MATERIALS PROVIDED >>
***

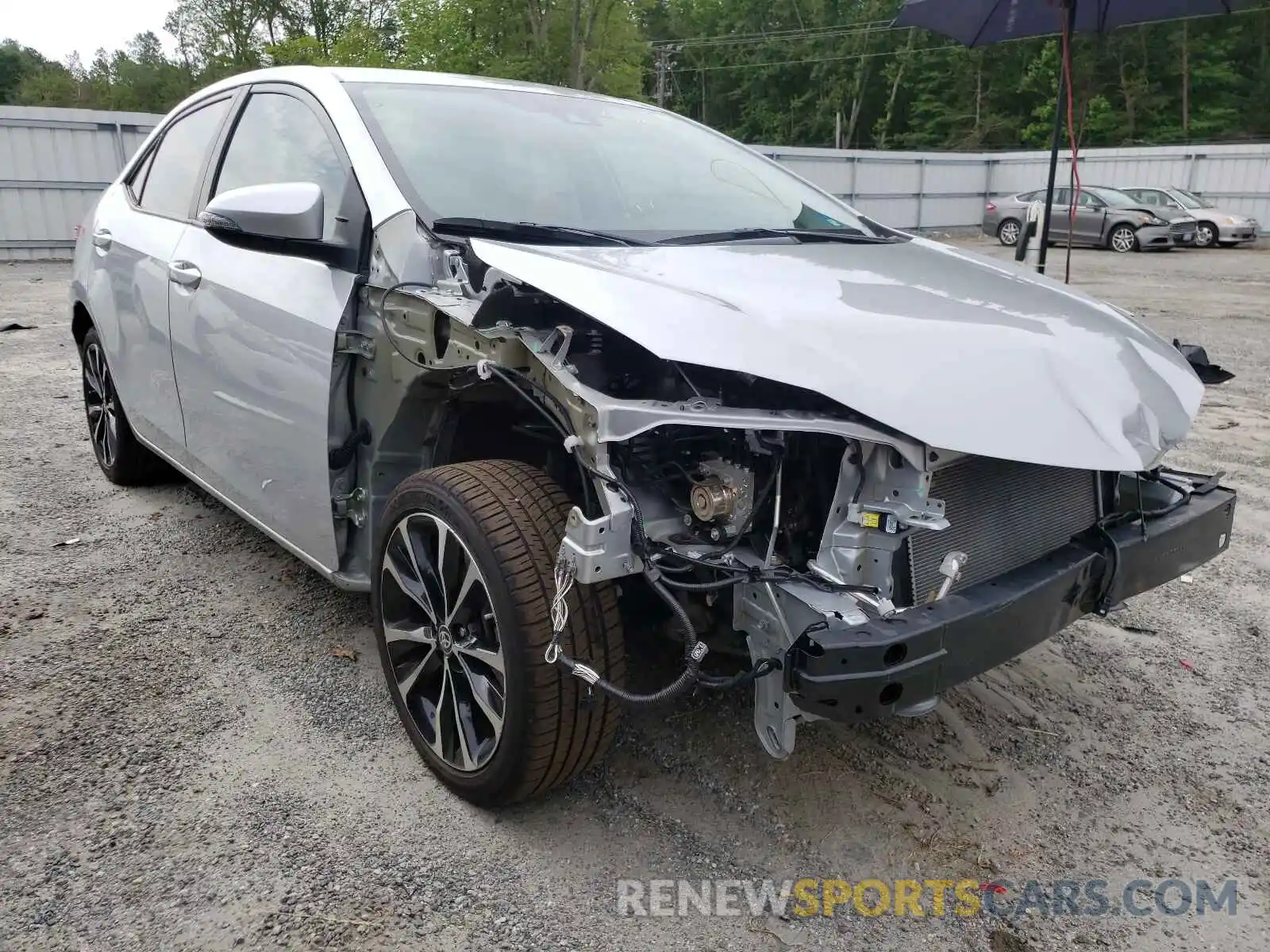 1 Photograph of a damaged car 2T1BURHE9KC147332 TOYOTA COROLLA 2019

***

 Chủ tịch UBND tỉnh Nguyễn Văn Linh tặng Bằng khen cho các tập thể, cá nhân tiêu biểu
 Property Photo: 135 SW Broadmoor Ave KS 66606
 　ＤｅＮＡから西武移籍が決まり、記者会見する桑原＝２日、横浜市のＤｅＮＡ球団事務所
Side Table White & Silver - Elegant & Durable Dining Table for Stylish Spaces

***

WORK REQUEST >> With the line that has "Chủ tịch UBND" as the first and the line that has "Side Table White" as the last, repeat exactly that run of lines above and no more.

TASK OUTPUT >>
 Chủ tịch UBND tỉnh Nguyễn Văn Linh tặng Bằng khen cho các tập thể, cá nhân tiêu biểu
 Property Photo: 135 SW Broadmoor Ave KS 66606
 　ＤｅＮＡから西武移籍が決まり、記者会見する桑原＝２日、横浜市のＤｅＮＡ球団事務所
Side Table White & Silver - Elegant & Durable Dining Table for Stylish Spaces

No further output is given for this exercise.